━━━━━ DATA SUPPLIED ━━━━━
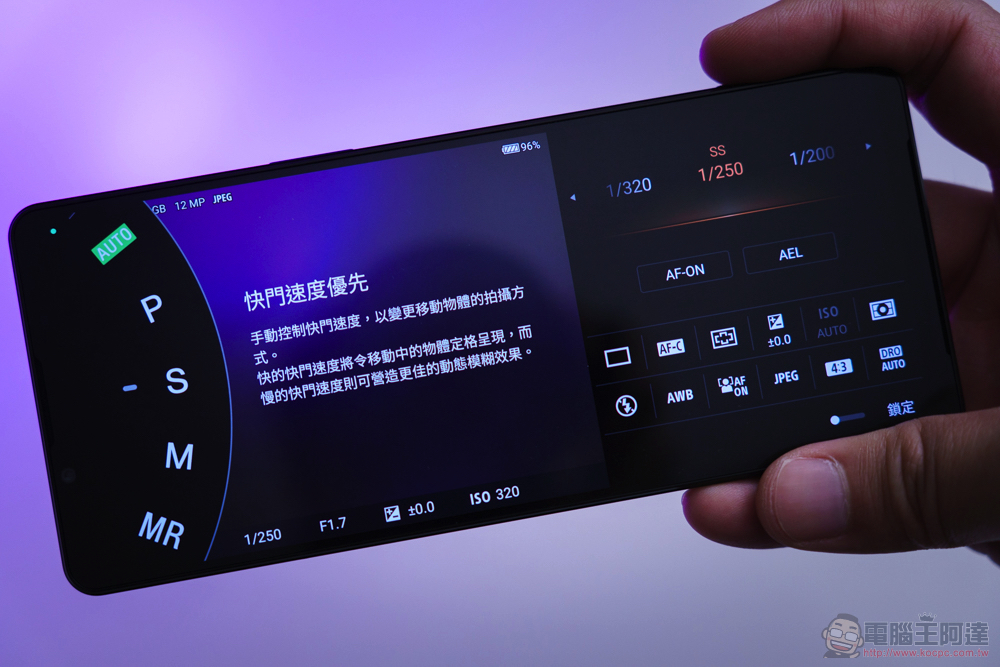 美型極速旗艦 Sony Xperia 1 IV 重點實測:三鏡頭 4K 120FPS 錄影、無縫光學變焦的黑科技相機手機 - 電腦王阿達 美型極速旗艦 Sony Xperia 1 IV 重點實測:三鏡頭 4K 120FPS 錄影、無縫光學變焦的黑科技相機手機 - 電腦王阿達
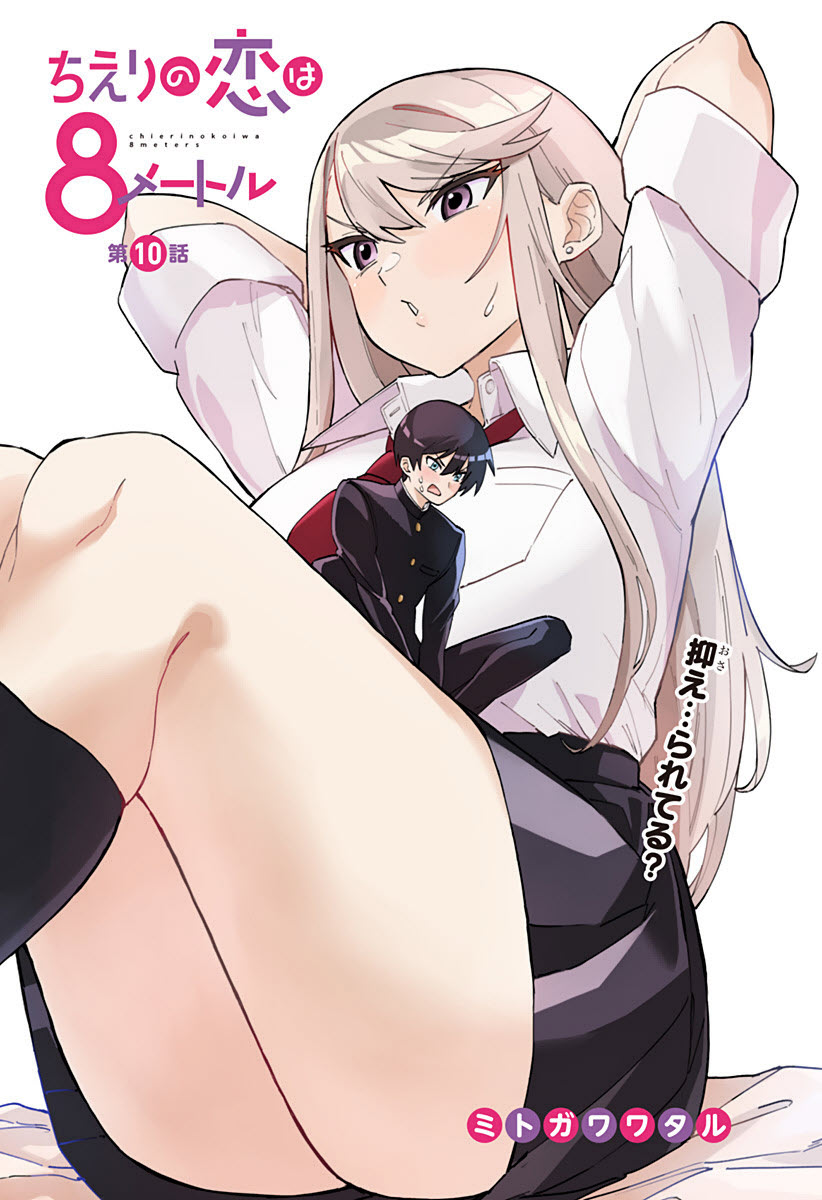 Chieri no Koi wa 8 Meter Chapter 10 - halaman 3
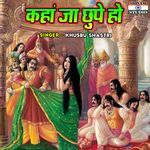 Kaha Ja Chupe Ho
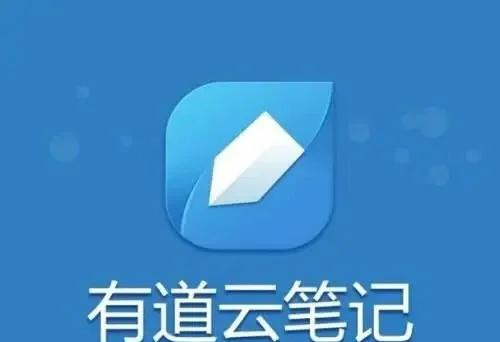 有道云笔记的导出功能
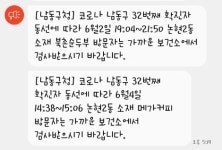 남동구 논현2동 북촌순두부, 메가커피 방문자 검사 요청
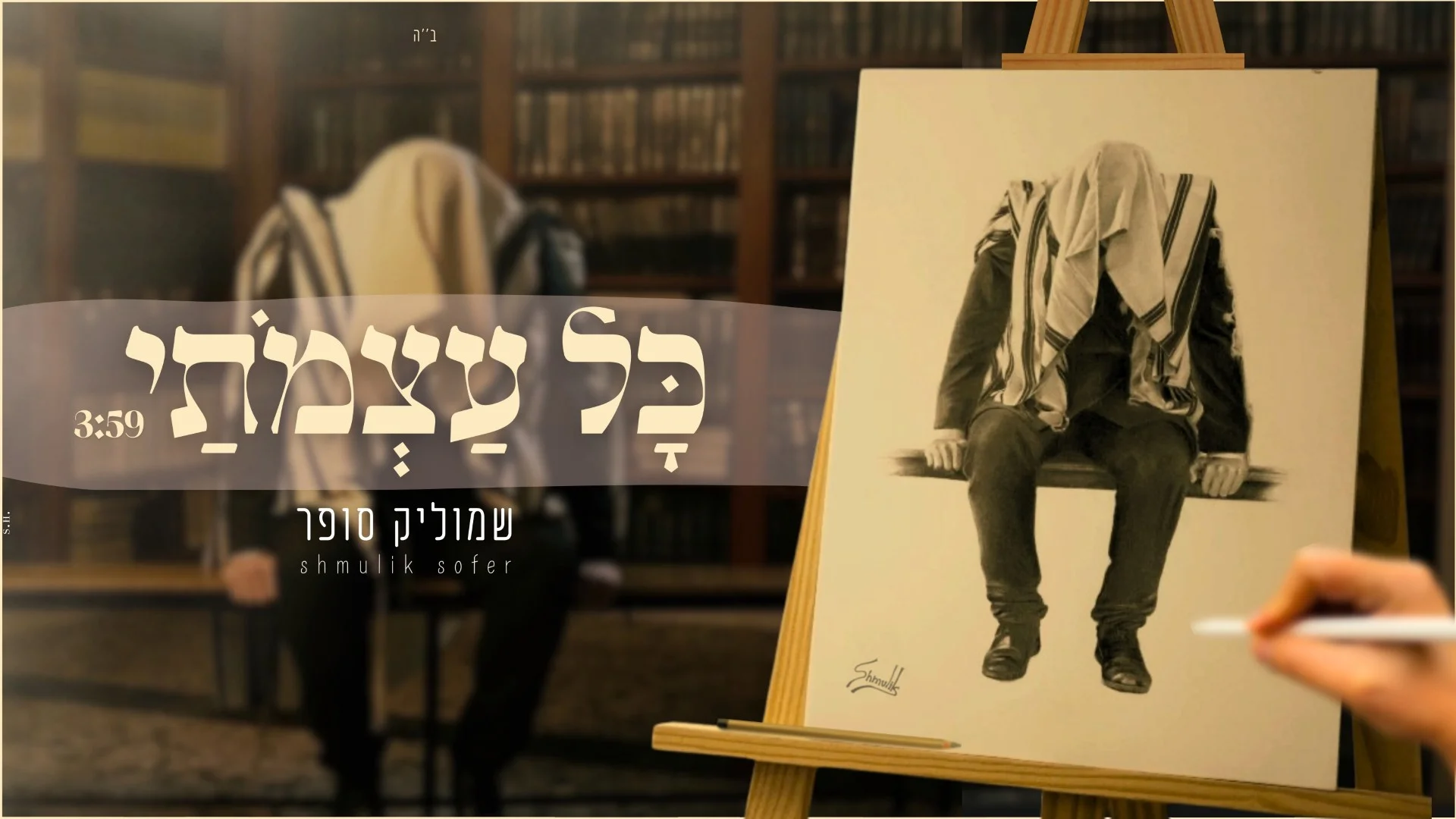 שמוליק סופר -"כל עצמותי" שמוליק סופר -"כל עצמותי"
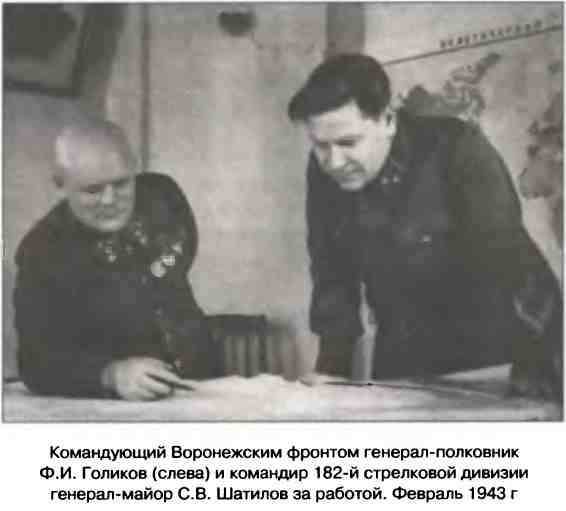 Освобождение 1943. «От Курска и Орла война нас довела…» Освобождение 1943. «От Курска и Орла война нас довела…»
━━━━━
━━━━━ DATA SUPPLIED ━━━━━
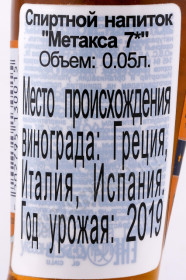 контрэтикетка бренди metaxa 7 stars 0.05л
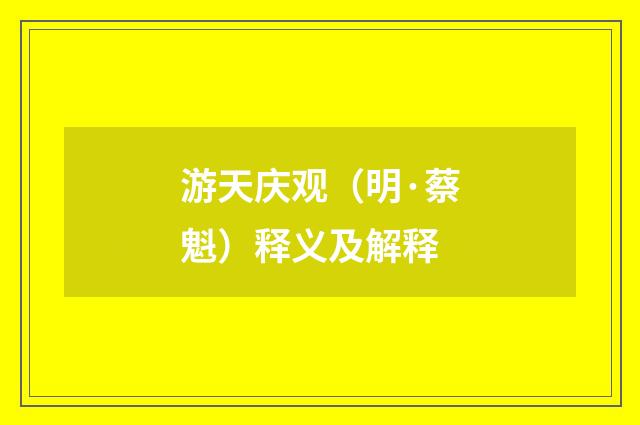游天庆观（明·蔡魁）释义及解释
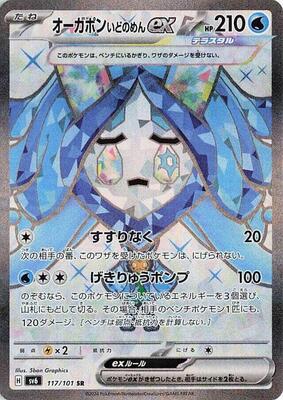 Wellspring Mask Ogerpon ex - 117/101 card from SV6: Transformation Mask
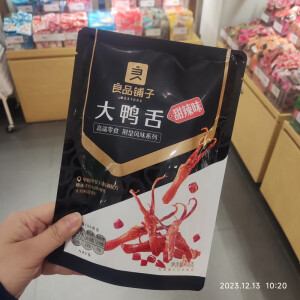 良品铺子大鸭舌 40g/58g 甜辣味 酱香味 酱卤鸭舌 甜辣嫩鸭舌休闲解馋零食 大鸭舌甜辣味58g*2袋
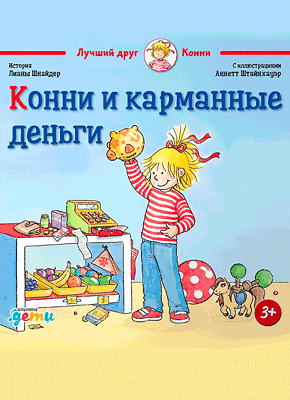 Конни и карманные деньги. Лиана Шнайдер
━━━━━
> TASK TO CARRY OUT: Output only the stretch above from the line with "Wellspring Mask Ogerpon" through the line with "Конни и карманные деньги. Лиана Шнайдер", reproduced exactly. Exclude pictures.

> RESULT OF THE TASK:
 Wellspring Mask Ogerpon ex - 117/101 card from SV6: Transformation Mask
 良品铺子大鸭舌 40g/58g 甜辣味 酱香味 酱卤鸭舌 甜辣嫩鸭舌休闲解馋零食 大鸭舌甜辣味58g*2袋
 Конни и карманные деньги. Лиана Шнайдер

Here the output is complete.